» **WHAT THIS TASK INVOLVES**
Only the lines of the listing below that run from the line with "Miu Miu B Miu" through the line with "von LSUNG NINGBO" are to be set down, word for word. Pictures stay out.

» **DATA SUPPLIED**

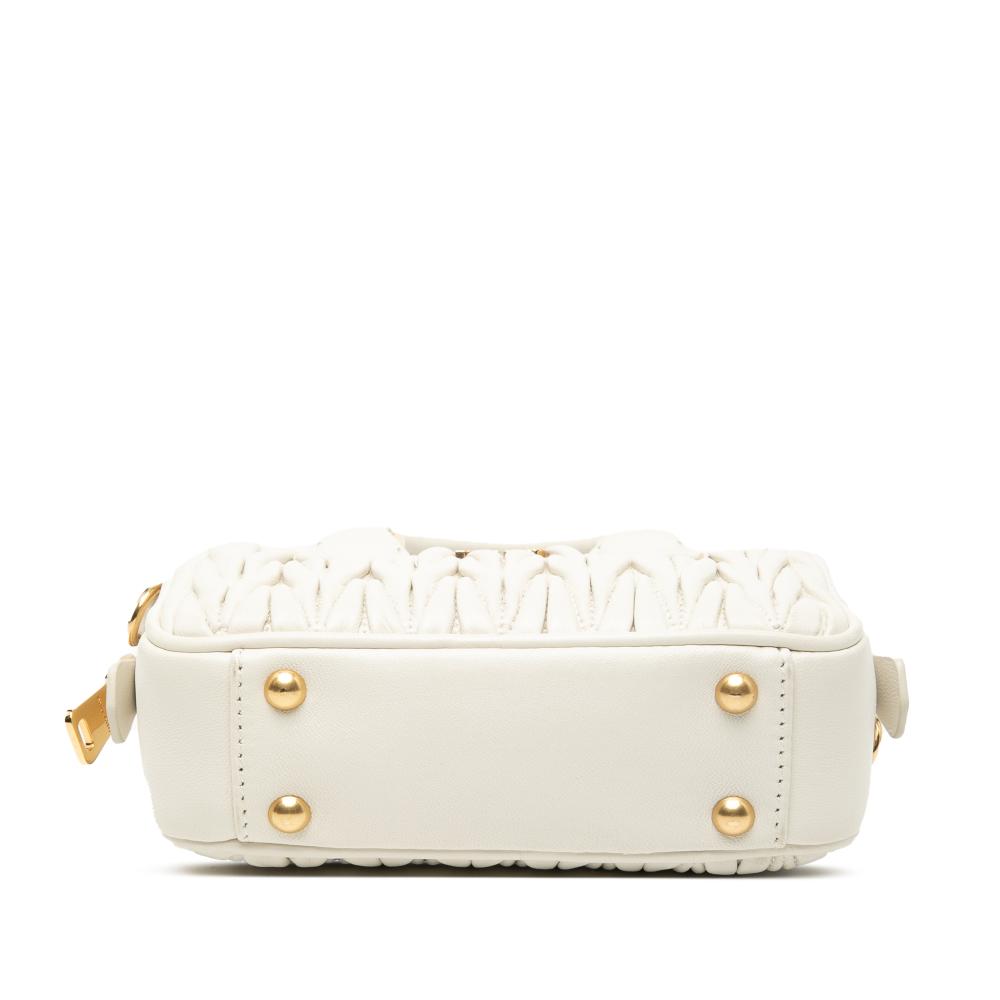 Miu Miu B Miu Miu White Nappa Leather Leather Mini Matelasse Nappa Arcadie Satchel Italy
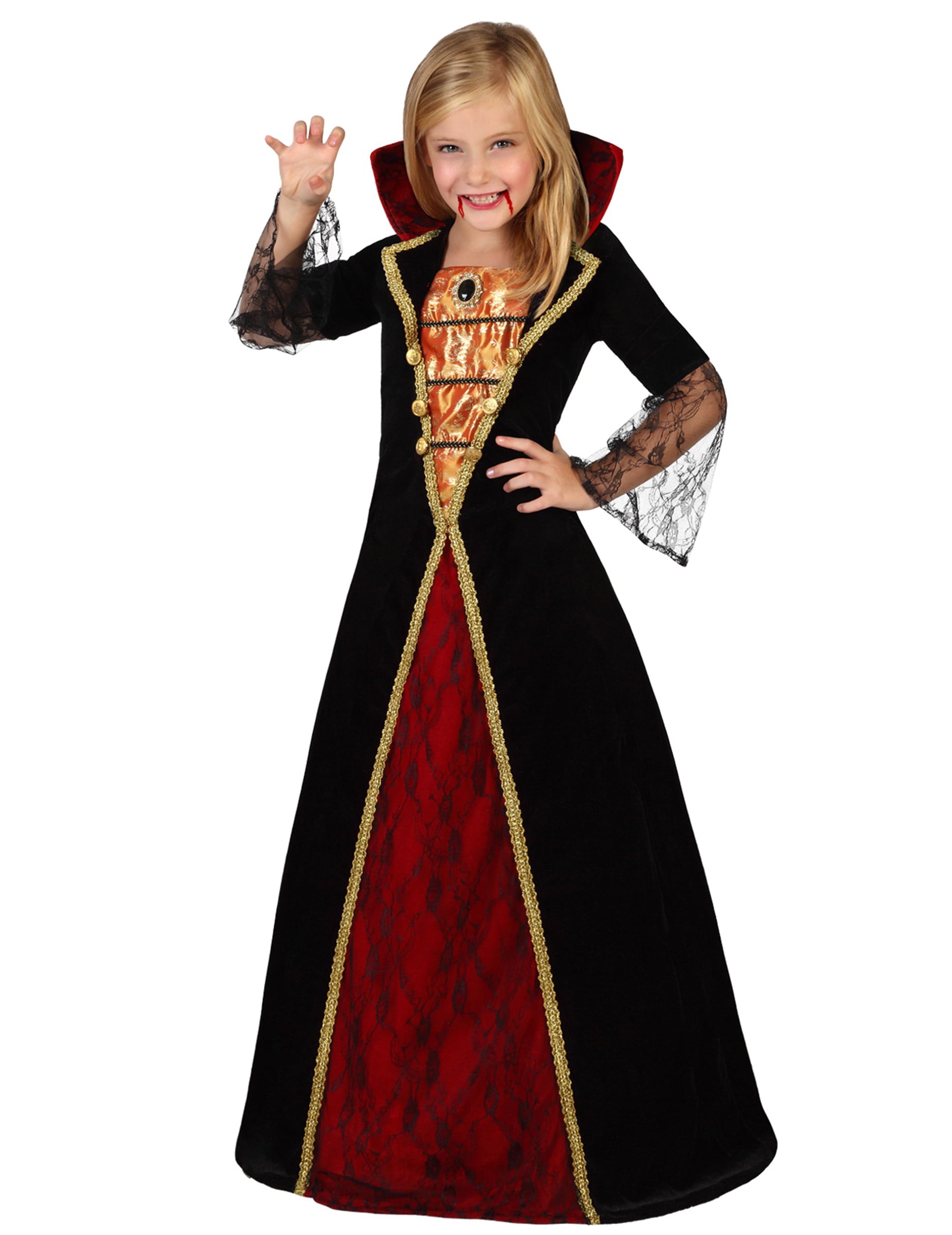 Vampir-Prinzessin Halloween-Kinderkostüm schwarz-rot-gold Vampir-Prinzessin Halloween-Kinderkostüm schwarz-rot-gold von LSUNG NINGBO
---
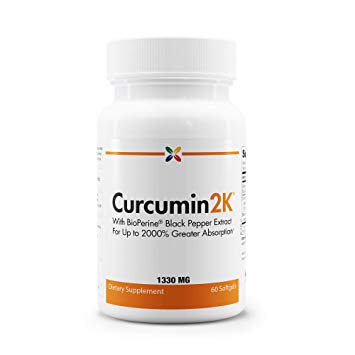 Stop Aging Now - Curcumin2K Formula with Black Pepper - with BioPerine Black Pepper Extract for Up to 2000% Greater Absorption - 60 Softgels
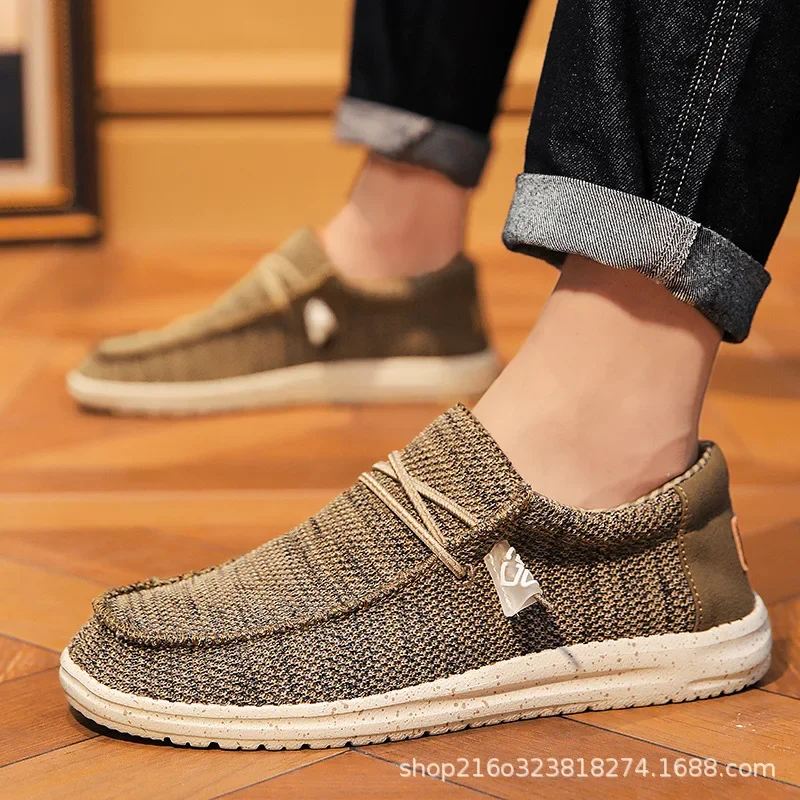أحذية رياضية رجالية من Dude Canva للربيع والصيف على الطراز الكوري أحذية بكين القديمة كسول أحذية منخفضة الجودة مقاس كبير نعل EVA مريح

» **SOLUTION TO THIS PROBLEM**
 Miu Miu B Miu Miu White Nappa Leather Leather Mini Matelasse Nappa Arcadie Satchel Italy
 Vampir-Prinzessin Halloween-Kinderkostüm schwarz-rot-gold Vampir-Prinzessin Halloween-Kinderkostüm schwarz-rot-gold von LSUNG NINGBO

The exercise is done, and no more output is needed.